Saturday, March 31, 2012

 

This week proved to be a slow one for the General Assembly in terms of new legislation. A total of just 60 bills were proposed this week, mainly consisting of resolutions recognizing anniversaries and marriages. Aside from numerous inconsequential bills, there were several meaningful GA hearings. So what was covered this week? Well, a number of controversial topics including E-Verify and marijuana decriminalization. Keep reading to see how the discussion unfolded.

House Bill No. 7315 – E-Verify Bill

This week a hearing was held regarding the controversial E-Verify bill, originally introduced by former Gov. Donald Carcieri. The former governor’s Executive Order titled “Illegal Immigration Control Order,” calls for state executive departments to use the E-Verify program, which verifies the employment eligibility of new hires. Introduced by Rep. Peter G. Palumbo, the bill attempts to codify Gov. Carcieri’s order, which was rescinded by Gov. Lincoln Chafee. If enacted, employers with three or more employees may apply to participate in the E-Verify system.
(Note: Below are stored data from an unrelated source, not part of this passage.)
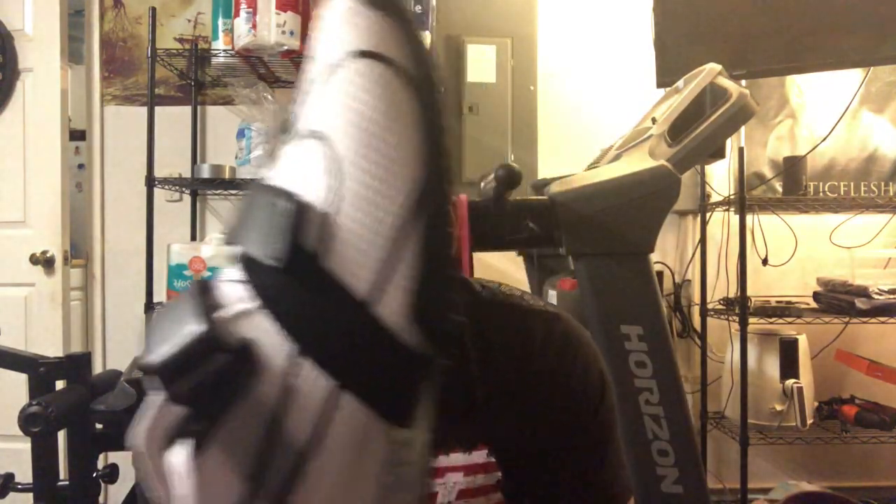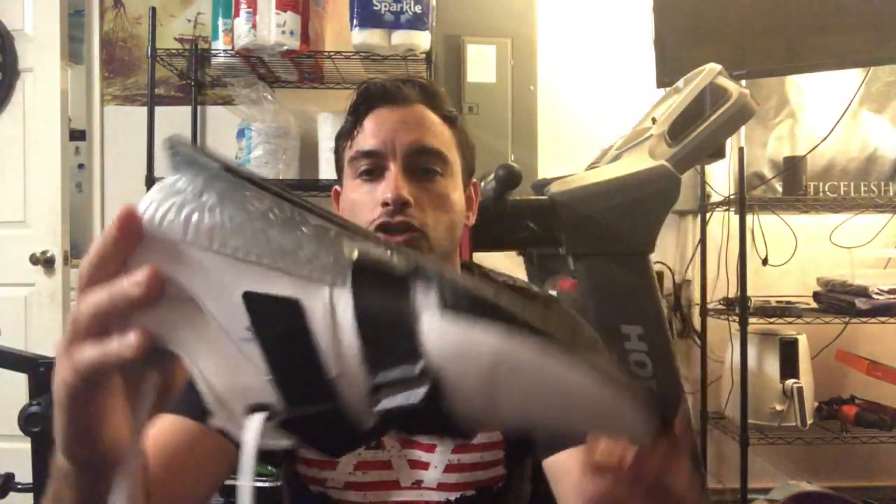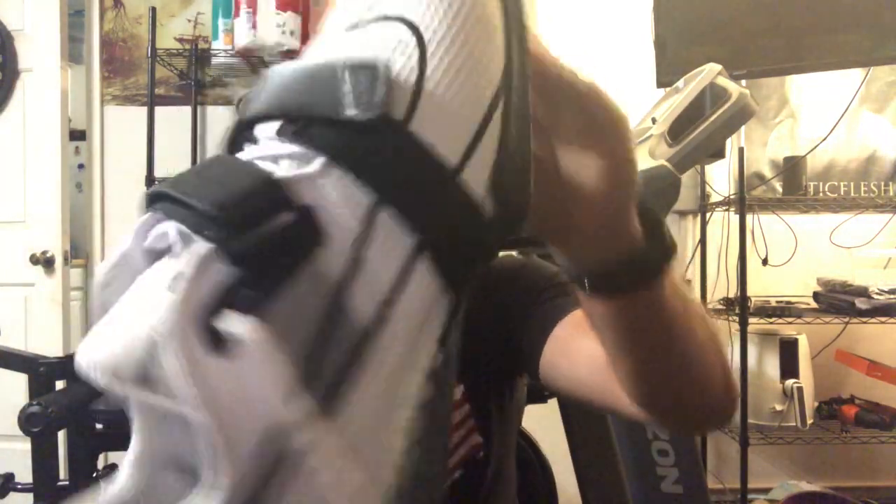Aesthetics: 10 out of 10. In my opinion, you don't get a nicer looking shoe — at least a lifting shoe. These things are just beautiful. I love the white and the double strap. They brought the double strap back, so it looks really good. It performs well in comparison to the threes. Definitely better quality overall, a little more rugged. They're a little bit heavier as well.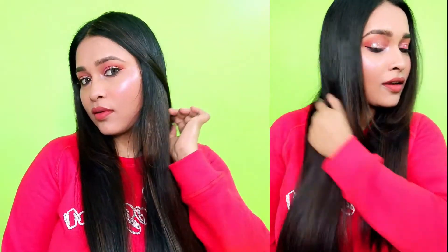For every type of hair, this product is very amazing. Always use it on dry hair. If you liked this product and want to buy it, simply check the description box — you will find the link there. Thank you so much for watching. Bye!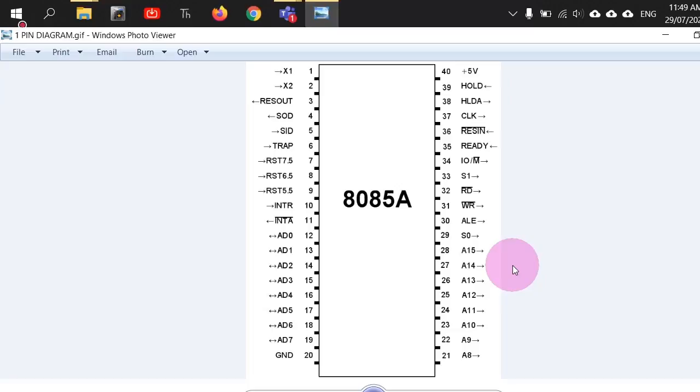We have multiplexed address and data lines: AD0 to AD7 are eight bits — one byte — and they are bi-directional because data can be given and taken to and from external memory. The lower order byte of the address bus is multiplexed with the data bus. This is like having a tenant in your house who uses your door only twice a day — morning and evening — so there's no need to make a separate door for the tenant.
E-Verify is a free Internet-based program run by the federal government that evaluates employee’s Employment Eligibility Verification Form 1-9 to information from U.S. government records. If said information matches, the employee is eligible to work in the U.S. Employers will be alerted of prospective employees that are deemed ineligible to work in the U.S. In turn, the employer must contact the appropriate federal government agency.

Currently, 18 states utilize E-Verify in one form or another. Rhode Island and Minnesota are the only two states to rescind the legislation.

Senate Bill No. 2253 - Marijuana Decriminalization

This past week the Senate Judiciary Committee met to discuss legislation that would decriminalize small amounts of marijuana. Sponsored by Sen. Joshua Miller, the proposal would decriminalize the possession of one ounce or less of marijuana, making it a civil offense in most cases. If enacted, it would also make possession of under an ounce a civil offense for individuals under the age of 18. Although the legislation would downgrade possession crimes to a civil offense, civil penalties starting at $150 will apply for both minors and adults.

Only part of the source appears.